Money Part Of The Air Force Appropriations Bill
Private jets are bad,
a symbol of corporate excess. That was the message Congress sent
when the big three automakers flew into to town for hearings
related to their bailouts by the federal government. But the 2010
House Defense Appropriations bill includes nearly $200 million for
the Air Force to buy three new Gulfstream 550 jets, which the
military calls C-37's, for transportation of VIP's.
The Air Force had requested funding for one Gulfstream 550 to
upgrade it's passenger air service. The appropriations committee
added two more at it's own discretion.
Roll Call reports that the house bill requests money for two
additional planes, and that they be assigned to D.C. area units
that provide transportation to members of Congress as well as
military and other VIPs. The version of the 550 that Gulfstream
sells to the military is a more modest aircraft than the jets sold
to private customers.
Air Force spokesman Vincent King told Roll Call: “This
line item provides funding to purchase C-37 aircraft. The C-37 is
the military variant of the commercial Gulfstream 550 executive
jet. C-37s provide executive airlift for senior U.S. government
officials including Congress and combatant commanders.”
One aircraft was requested by Representative Sanford Bishop
(D-GA), and Representative Jack Kingston (R-GA) was asked to
request an earmark for the plane. Kingston's office said he did not
make that earmark request.
Since the aircraft were listed as
program increases rather than earmarks for new spending, they tend
to come under less scrutiny in the appropriations process,
according to Steve Ellis, vice president of Taxpayers for Common
Sense. He told Roll Call that "It needs to be justified on the
merits. It shouldn't just be squeezed into the bill."
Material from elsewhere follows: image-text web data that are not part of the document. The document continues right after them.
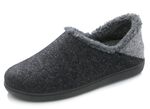 Pantoffels van wolvilt met uitneembaar voetbed GRIJS
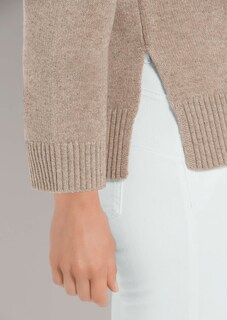 Cashmere jumper with 3/4 sleeves thumbnail 5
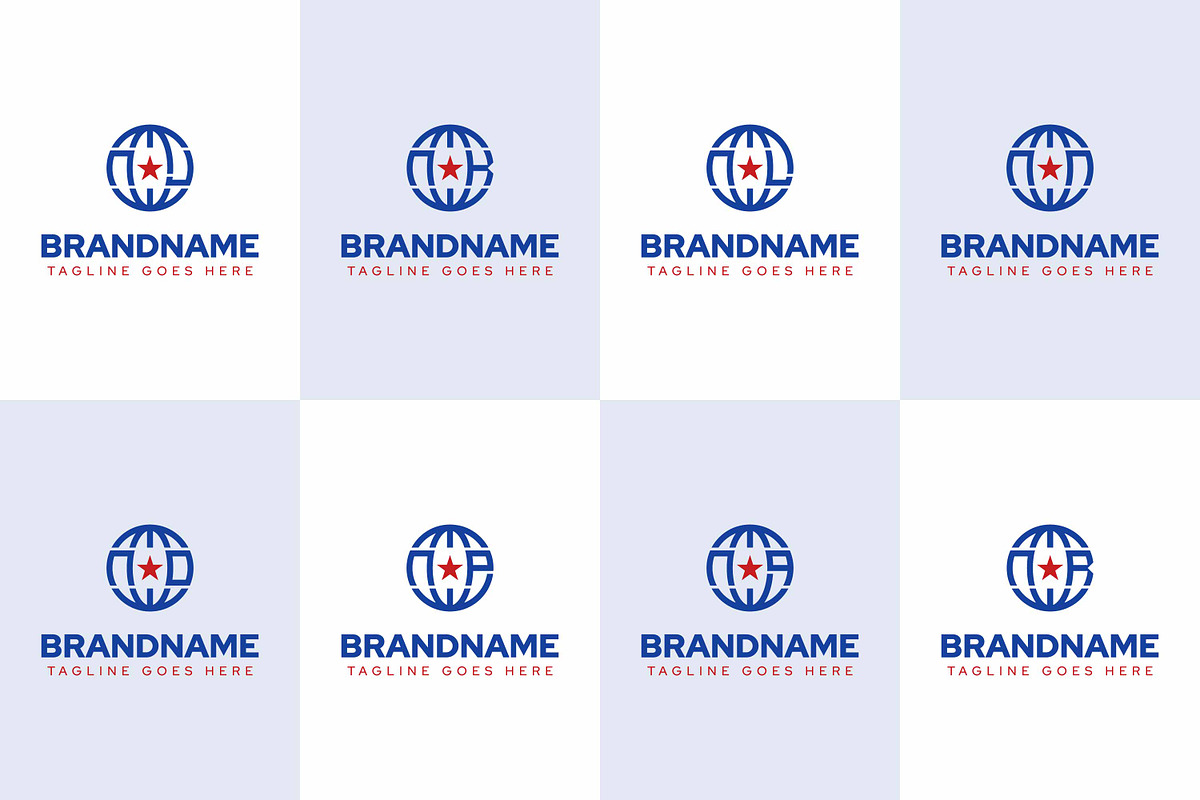 Letters NJ NK NL NN NO NP NQ NR Logo, a Branding & Logo Template by Pray Art Design Studio (Photo 1 of 2)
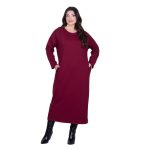 Fairyland Φόρεμα Μπορντοκόκκινο Γυναικείο Σε Ίσια Γραμμή Casual Μακρύ All Day Free Size - FM-12642-R - Image 2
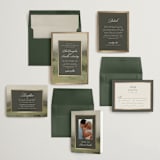 "Hillside" - Wedding Invitations in Graphite by Everett Paper Goods - Invitation Suite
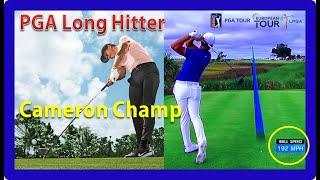 PGA Long Hitter "Cameron Champ" Amazing Driver golf swing, Slow motion 2020 長打 アメージングドライバーゴルフスイング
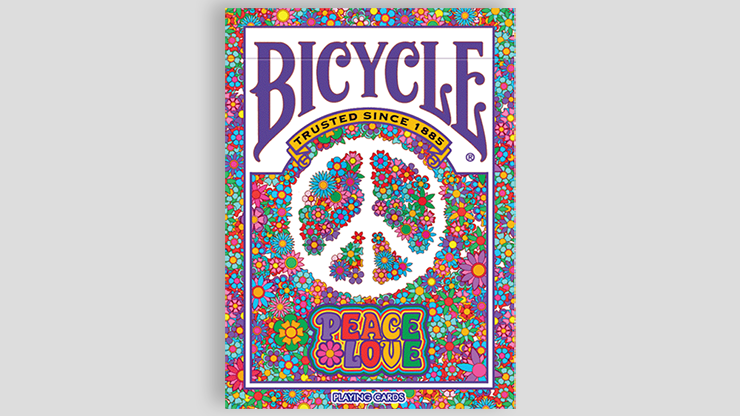 Bicycle Peace & Love Playing Cards by Collectable Playing Cards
Officials justify the private planes with an argument that for
security reasons, some top government officials need to be able to
not fly commercial. But Loren Thompson, defense analyst at the
conservative Lexington Institute, said that “applies to the
top members of the executive branch more than it applies to the
Member from the 13th district of Illinois.”
Thompson went on to say that it makes more sense for a top
military official who is traveling to remote locations with a staff
of 4 or 5 people to travel by private jet.
Which sounds very much like the arguments heard from top
business executives talking about their airplanes as business tools
during BixAv Day at Oshkosh last week.